CC BY-NC-ND 4.0 · J Neurol Surg B 2018; 79(S 05): S413-S414
DOI: 10.1055/s-0038-1669978
Skull Base: Operative Videos
Georg Thieme Verlag KG Stuttgart · New York

Endoscopic Assisted Retrosigmoid Approach for Cerebellopontine Angle Epidermoid Tumor

Katherine Kunigelis
1  Department of Neurosurgery, University of Colorado, Aurora, Colorado, United States
,
Alexander Yang
1  Department of Neurosurgery, University of Colorado, Aurora, Colorado, United States
,
A. Samy Youssef
1  Department of Neurosurgery, University of Colorado, Aurora, Colorado, United States
› Author Affiliations
Further Information

Publication History

01 May 2018

12 August 2018

Publication Date:
25 September 2018 (eFirst)

  

Abstract

This case is a 20-year-old male, who presented with 1 month of right facial weakness (HB4) and complaints of ipsilateral eye dryness.
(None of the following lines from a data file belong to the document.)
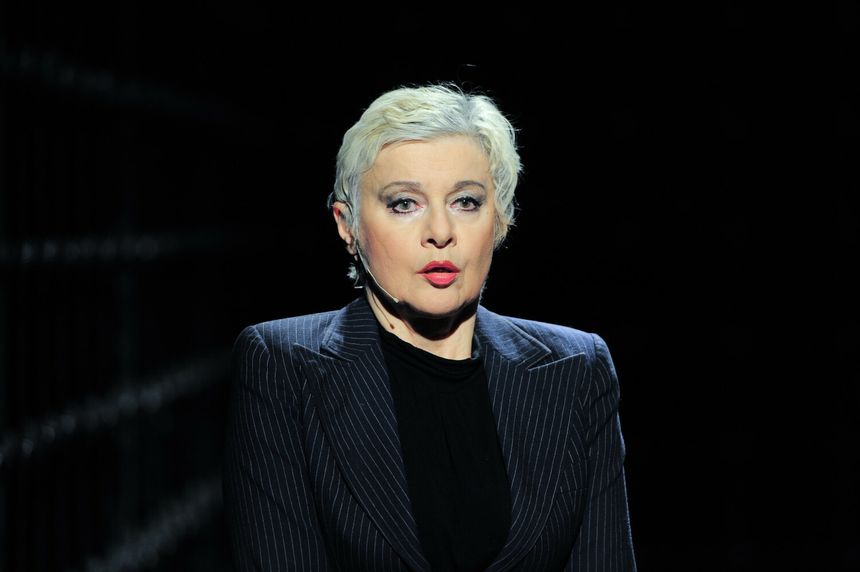 Kobieta z krótkimi, blond włosami w garniturze, na ciemnym tle, z mikrofonem.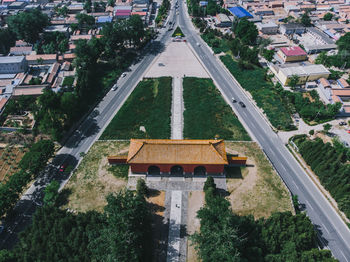 High angle view of street amidst buildings in city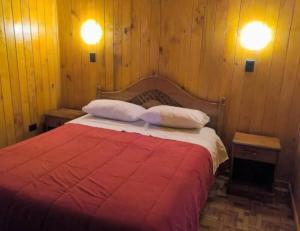 a bedroom with a red bed with two pillows at Hospedaje Francesco in Puerto Montt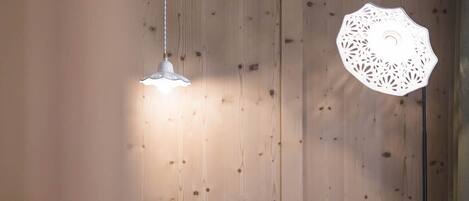 A cozy seating area with a wooden wall, a hanging light fixture, and a table.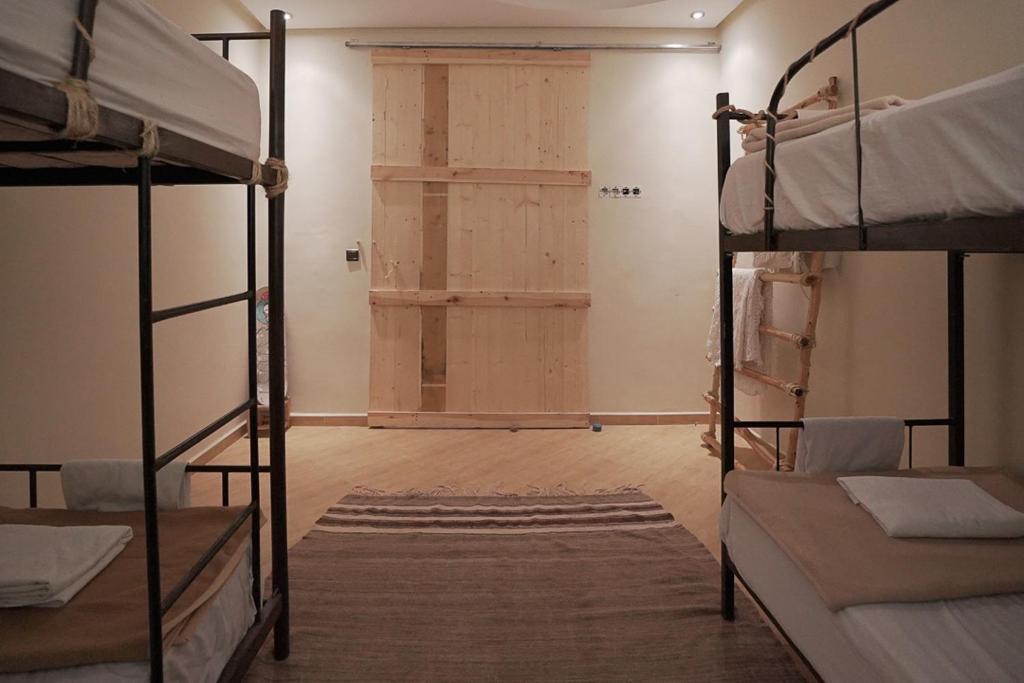 Postel nebo postele na pokoji v ubytování Desart Hostel
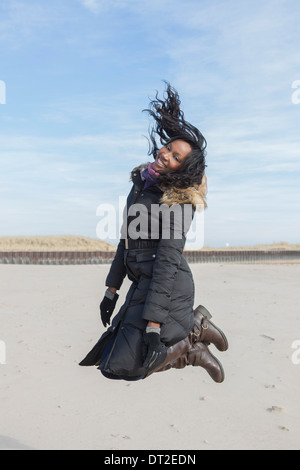 USA, Illinois, Waukegan, Young woman jumping on beach Stock Photo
He was initially treated for Bell's palsy with steroids and antiviral agents, but subsequently developed diplopia with right lateral gaze and underwent an MRI (magnetic resonance imaging). MRI demonstrated a 4.5 cm irregular lesion in the right cerebellopontine angle consistent with an epidermoid cyst. Because the tumor had grown with the development of the central nervous system, it has extended into different compartments, including the tentorial incisura and pineal region. A predefined surgical corridor created by the tumor facilitated access to the majority of the tumor through a retrosigmoid approach. Angled endoscopes (30-degree up and down) provided further visualization of tumor away from the line of sight of the microscope, thus allowing for gross total resection of the lesion. This video also demonstrates a sharp dissection technique necessary for safe removal of adherent tumor from critical neurovascular structures, including the basilar artery and several cranial nerves. The ipsilateral auditory evoked responses (ABRs) showed slight improvement from baseline toward the end of the case. A gross total resection was achieved, as shown by the MRI. The patient remained at his baseline cranial nerve (CN) V, VII, and VIII deficits during the immediate postoperative period.